The interview will screen at select Landmark Theatres locations at 19 U.S. cities on Nov. 16 and 17 as "Steve Jobs: The Lost Interview." The Palo Alto Aquarius theater will feature an extended 7-day engagement from Nov. 16 to 22, Movie city News reports.

Originally filmed for the "Triumph of the Nerds" PBS miniseries, the interview was thought to have been lost after the master tapes went missing during shipping. Less than 10 minutes of footage were aired during the series. But, in October, a VHS copy of the interview was found in London and has since been enhanced and restored.

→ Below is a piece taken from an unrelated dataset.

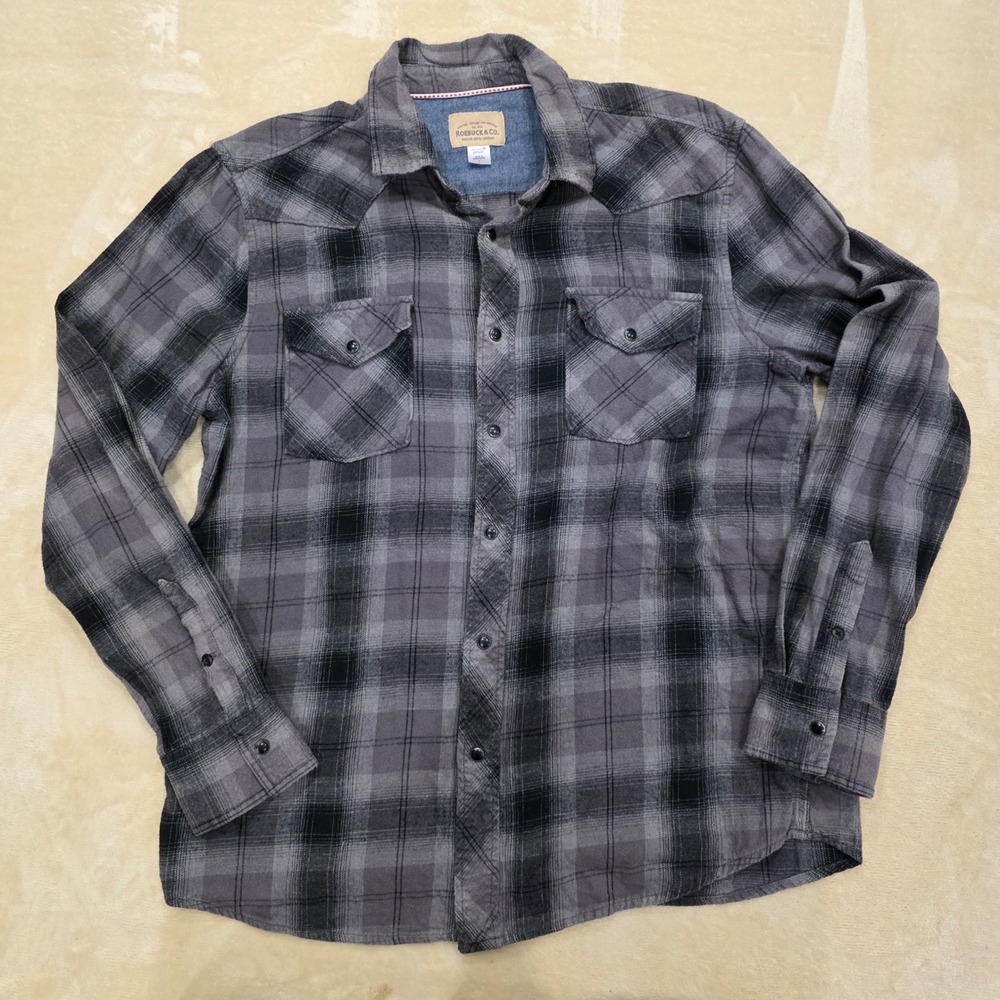 ROEBUCK & CO Men Flannel Shirt L Gray Black Plaid Western Button Down Heritage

The footage is billed as the "best TV interview Jobs ever gave." It is especially well-known for containing a section where the late Apple co-founder strongly criticizes Microsoft.

Mark Stephens, the journalist who is usually known by the pseudonym Robert Cringely, was one of the first employees at Apple after having met Jobs and Apple co-founder Steve Wozniak at the Homebrew Computer Club in the 1970s. The Cringely moniker began as a column in Infoworld in the 1980s.

Steve Jobs during a 1995 interview with Robert Cringely.
Cringely describes the interview as "a moment in time" because it captures Jobs during his so-called 'wilderness years.' NeXT, the company that Jobs founded after being ousted from Apple, as well as Apple itself, were in trouble in 1995. In essence, the interview offers a snapshot of Jobs just before his now famous comeback at Apple.

In the wake of his death, Jobs has been the subject of several documentaries and TV specials, some of which contain unaired footage of him.

An authorized biography on him was also released last month. Culled from dozens of interviews with Jobs, the book offers numerous insights into Jobs' life and philosophy. The title has already topped best-seller lists, selling 380,000 copies in the U.S. during its first week.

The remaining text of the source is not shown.